| HN Mirror

Y	Hacker News new \| ask \| show \| jobs

by dust42 160 days ago

If I followed the links correctly this benchmark was made on a 16xH200. At current prices I'd assume that is a system price of around $750,000.

The year has 86400*365 = 31536000 seconds. Thus 63072000000 tokens can be generated. As pricing is usually given per 1M tokens generated, this is 63072 such packages.

Now lets write off the investment over 3 years, 250,000/63072 = 3.96. So almost $4 per 1M tokens generated with prompt processing included.

Model was a Deepseek 671B 32B MoE.

Looks to me that $20 for a month of coding is not very sustainable - let's enjoy the party while VCs are financing it! And keep an eye on your consumption...

Electricity costs seem negligable with ~$10,000 per year at 10cts per kWh but overall cost would be ~10% higher if electricity is more like 30cts like it is in Europe.

Edit: like it is pointed out by other commenters it is 2200t/s per single GPU thus the result needs to be divided by 16: $4/16 = $0.25. This actually somewhat matches the deepseek API pricing.

6 comments

menaerus 159 days ago

How did you arrive to $10,000 electricity costs figure?

8xH200 enclosed in DGX H200 system power draw is ~14kW in its peak (CTS) configuration/utilization. Over one year, and assuming maximum utilization, this is 123,480 kWh per single DGX H200 unit. We need 2x such units for 16xH200 system configuration under subject so it's 246,960 kWh/year. This is ~$25,000 at 10cts per kWh and ~$74,000 at 30cts per kWh. At ~1,110,000 1M batches this gives us: (1) ~$0.02 - $0.07 per 1M of energy cost and (2) ~$0.25 per 1M assuming the same HW depreciation rate. In total, this is ~$0.3 per 1M tokens.

Seems sustainable?

dust42 159 days ago

I used 700W per H200 = 11.2 per 16 GPUs. I didn't include CPU and rest of the rack. So yours is a better approximation.

One has to keep in mind that the benchmark that was done is synthetic. This makes sense because it makes it reproducible but real world usage may differ - i.e. by the amount of context and the number of concurrent users. Also there are use cases where smaller models or smaller quants will do.

The key take away for me for this type of back of the envelope calculation is to get a good idea where we stand long term, i.e. when VC money stops subsidizing.

So for me $0.3 per 1M tokens for a decent model looks pretty good too. Seeing that OpenAI API charges $21 per 1M tokens input and $168 output for GPT-5.2 pro I was wondering what the real sustainable pricing is.

yorwba 160 days ago

It's 2.2k tokens per second and GPU, so you have to multiply the token output by 16 and the price per million tokens works out to 22.5 cents.

aurareturn 159 days ago

I think they're also running this at 16 bit quant. If they lower it to 8bit, they might double their output which might come out to be 11 cents per million tokens.

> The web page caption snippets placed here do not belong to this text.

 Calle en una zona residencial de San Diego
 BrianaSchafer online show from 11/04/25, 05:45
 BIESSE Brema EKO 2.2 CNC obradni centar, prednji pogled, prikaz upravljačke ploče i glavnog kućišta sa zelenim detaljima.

Now take into account that modern LLMs tend to use 4bit inference, and Blackwell is significantly more optimized for 4 bit, we can see much less than 11 cents. Maybe a speed up of 5x if using 4bit and Blackwell vs H100 and 8 bit?

So we're looking at potentially 2.2 cents per million tokens.

Palmik 159 days ago

APIs are usually very profitable. As for subscriptions, it would depend on how many tokens average subscriber uses per month. Do we have some source of info on this?

Some notes:

- # Input tokens & # output tokens per request matters a lot.

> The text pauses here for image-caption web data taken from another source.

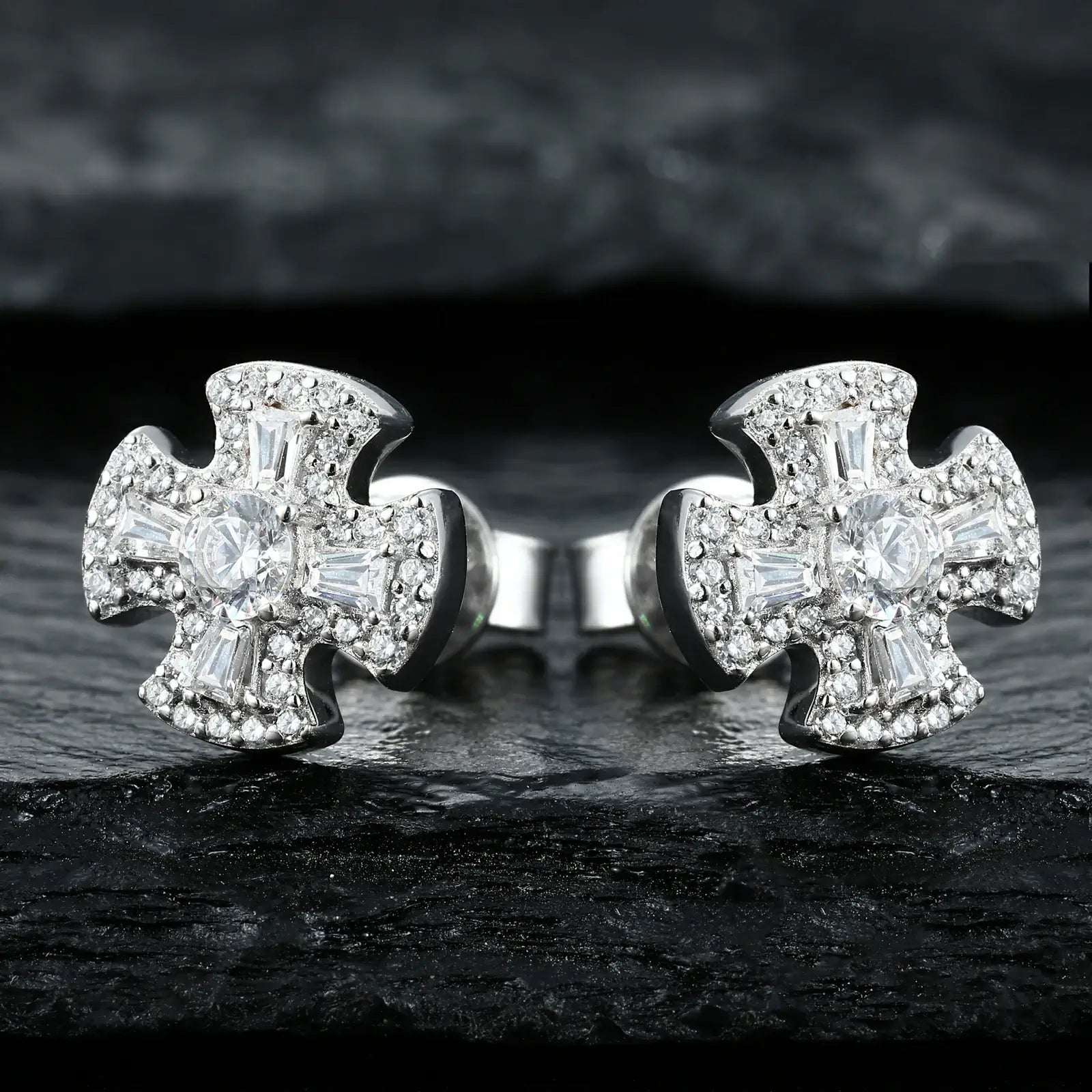S925 Moissanite Canterbury Cross Stud Earrings
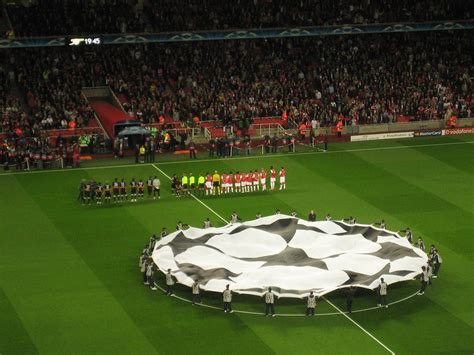 Arsenal vs Sevilla | UEFA Champions League - Match Day 1 Emi… | Flickr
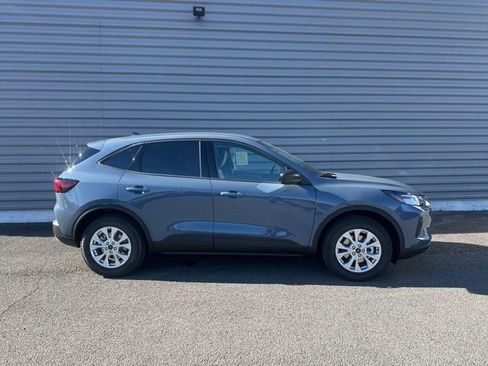 New 2026 Ford Escape Active image 2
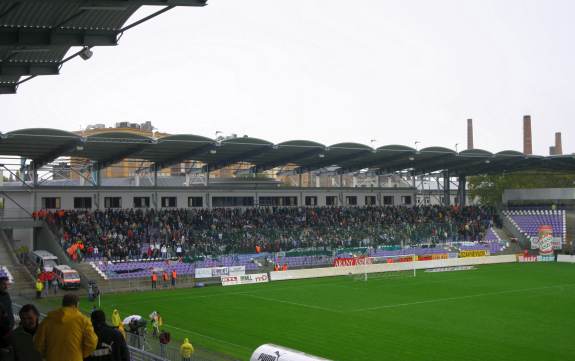 Szusza Ferenc-Stadion - Hintertor ausw&auml;rts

- KV Cache hit rate matters a lot.

- vLLM is not the necessarily most efficient engine.

- You are looking at API cost for DeepSeek V3.2, which is much cheaper than DeepSeek R1 / V3 / V3.1. DeepSeek V3.2 is different architecture (sparse attention) that is much more efficient. DeepSeek V3 cheapest option (fp8) tends to be ~$1/mil output tokens while R1 tends to be ~$2.5/mil (note that for example Together AI charges whopping $7/mil output tokens for R1!)

As for the cost: You can also get H200s for ~ $1.6/hr and H100s for ~ $1.2/hr. That somewhat simplifies the calculations :)

Ignoring the caveats and assuming H200s, with their setup you will:

- Process 403200000 input tokens.

- Generate 126720000 output tokens.

- Spend $25.6.

- On Together with DS R1 it would cost you $3 * 403.2 + $7 * 126.7 = ~$2096. Together does not even offer discount for KV cache hits (what a joke :)).

- On NovitaAI with DS R1 it would cost you $0.7 * 403.2 + $2.5 * 126.7 = ~$600 (with perfect cache hit rate, which gives 50% discount on input tokens here, it would be ~$458).

kicks66 160 days ago

I think you missed something here - its 2.2k tokens _per_ GPU

So if you work that through its $0.225 per 1M output tokens.

supermatt 160 days ago

> more like 30cts like it is in Europe

Nope - i live in one of the most expensive areas, and even the residential price has averaged 18c/kWh delivered including taxes. Businesses get a lower basic rate and also don't pay the VAT, so it works out around 13c/kWh for them.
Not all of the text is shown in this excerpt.